Status: The Student Success Act (H.R. 5) is a 620-page bill that would reauthorize No Child Left Behind. H.R. 5 was removed from consideration in the House of Representatives due to opposition from conservatives. NCLB is the primary law that authorizes federal K-12 education programs. It expired in 2007. Since then, Congress funded NCLB in spite of the fact that it is unauthorized. H.R. 5 could be put back on the schedule at any time. Below are the highlights from the Committee Report, frequently cited by the bill’s supporters on the House Committee on Education and the Workforce.
Testing Mandates: H.R. 5 maintains the central mandate of NCLB. It requires states to develop a single, statewide academic assessment to evaluate the performance of local schools. Per an amendment added by Rep. Goodlatte, a local school district would be permitted to design its own assessment if the state approves of it. However, the local school district must still design its assessment in a way that reports data that are comparable among all local school districts within the state, reducing the likelihood that a school district would take up the option.
States must test all students each year in grades 3-8 and once again in high school—the same testing frequency in No Child Left Behind. The Committee Report proudly states that “H.R. 5 maintains current requirements for states to develop and implement assessments in reading, mathematics, and science.”
H.R. 5 repeals the requirement that schools “make adequate yearly progress;” however, schools whose students don’t make enough progress are subject to “a school improvement system implemented by school districts that includes interventions in poor performing Title I schools.”
H.R. 5 continues the NCLB practice of forcing states to assess student progress primarily on improvements in reading and math test scores, a practice which in the eyes of many observers has led to the neglect of other important curriculum areas, such as civics and history. High-stakes testing has led to “teaching to the test” from DC, a practice which privileges exhaustive test preparation over learning.

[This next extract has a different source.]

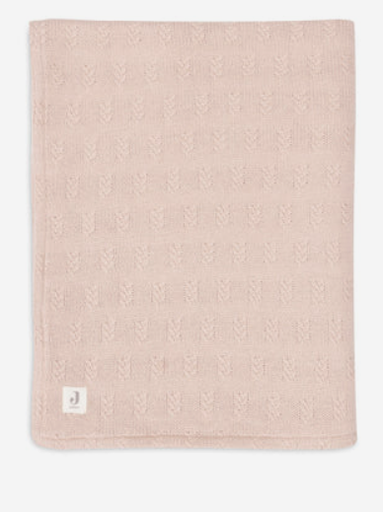 Jollein - Couverture Berceau 75x100cm Grain Knit - Wild Rose/Velour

Current Levels of Spending: H.R. 5 maintains current levels of funding for NCLB. While claiming to “eliminate” 69 programs, it largely consolidates them into one large new grant: the “local academic flexible grant.” However, dozens of grant programs remain. In fact, the local academic flexible grant comprises only 10% of the funding for NCLB. Furthermore, the grant’s structure is the same as others in the bill, specifying the “application process, authorized activities, reporting requirements, and federal matching requirement…” The grant requires detailed reporting, and assurances that the state will comply with federal mandates.
Evidence for the lack of genuine program eliminations comes from the lack of any real taxpayer savings. Spending remains constant. From the Committee Report: “The bill updates overall authorization levels for each of the fiscal years 2016-2021 to reflect the funding amounts provided by Congress for ESEA programs in FY 2015.” In other words, the bill keeps funding at the same level that Congress provided last year.
Opt-Out Provisions: H.R. 5 lacks an opt-out provision for states, an approach known as A-PLUS, that would allow states to opt-out of the programs that fall under NCLB and allocate federal education dollars within broad parameters rather than in accordance with federal mandates. Instead, the bill contains language that allows states not to participate in programs in exchange for losing the entirety of their federal funding (that taxpayers were already forced to send to Washington). Because participation in federal education programs has always been “voluntary” (at the cost of losing billions in funding) these provisions don’t change anything about current law.
Common Core: The bill contains language prohibiting the Secretary of Education from forcing states to adopt Common Core, but opting out of Common Core must be done by individual states. H.R. 5 does not (and cannot) accomplish the rollback of Common Core, and according to the Heritage Foundation, prohibitions on the federal government getting involved in curriculum already exist in three federal laws—laws that have been ignored.